Not only is the “strategy” not a strategy, Kaeser and Cordesman write, the Navy began work on it in two months after presenting a 313-ship plan to Congress in 2006, in what the authors call “a reversal of the logical order.” How, they ask, could the Navy decide on shipbuilding plans if it didn’t yet have a long-term strategy?

The “strategy-reality disconnect” continued from there, they write, when Navy planners issued optimistic forecasts for the number of ships per year they said the service could afford to reach the goal of 313. This was despite independent projections from the Government Accountability Office and the Congressional Budget Office that estimated the ships would cost much more.

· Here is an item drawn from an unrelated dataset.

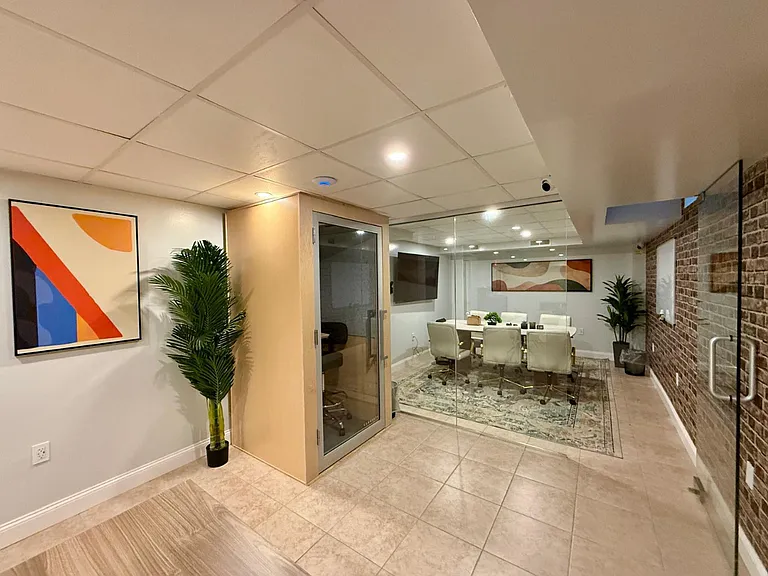 220 Pelham Rd #3F — Photo 18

Congressional overseers made clear there was a credibility problem with the Navy — Cordesman and Kaeser cite the comment by Rep. Gene Taylor, D. Miss., chairman of the House Armed Services Seapower subcommittee, that the Navy’s plans were “pure fantasy.” But the sea service didn’t seem to get the message, the authors write, and continued to operate disconnected from reality.

“The costs already are high enough to make the U.S. Navy the greatest single peacetime threat to the U.S. Navy,” they write.

Cordesman told Navy Times on Friday that the Navy had suffered further credibility setbacks — both on Capitol Hill and within the service — after the late-July announcement that it would cancel its Zumwalt-class destroyers after two ships, partly because they apparently were not designed with any air defense capability. Cordesman said he was reminded of a time when he asked the Navy about potential problems with the A-12 attack jet program and was flatly told the problems didn’t exist. Six weeks later, he said, the Pentagon canceled the program outright.

The A-12 and the DDG-1000 are examples of a long-standing Navy inability to connect strategy with acquisitions, Cordesman said.

“I can remember, 20 years ago, being presented a new Navy strategy, and saying, well, what does it mean in terms of force levels, procurement plans and the budget, and getting a blank stare,” he said.

It’s not just a Navy problem; the CSIS report blames the highest tier of Pentagon leadership for acquisition problems throughout the military. None of the armed services have concrete, actionable policies in place to buy the gear they need, the authors write, but their commanders also are not held accountable for rising costs or unrealistic expectations.

A Navy spokesman did not immediately respond to a request for comment.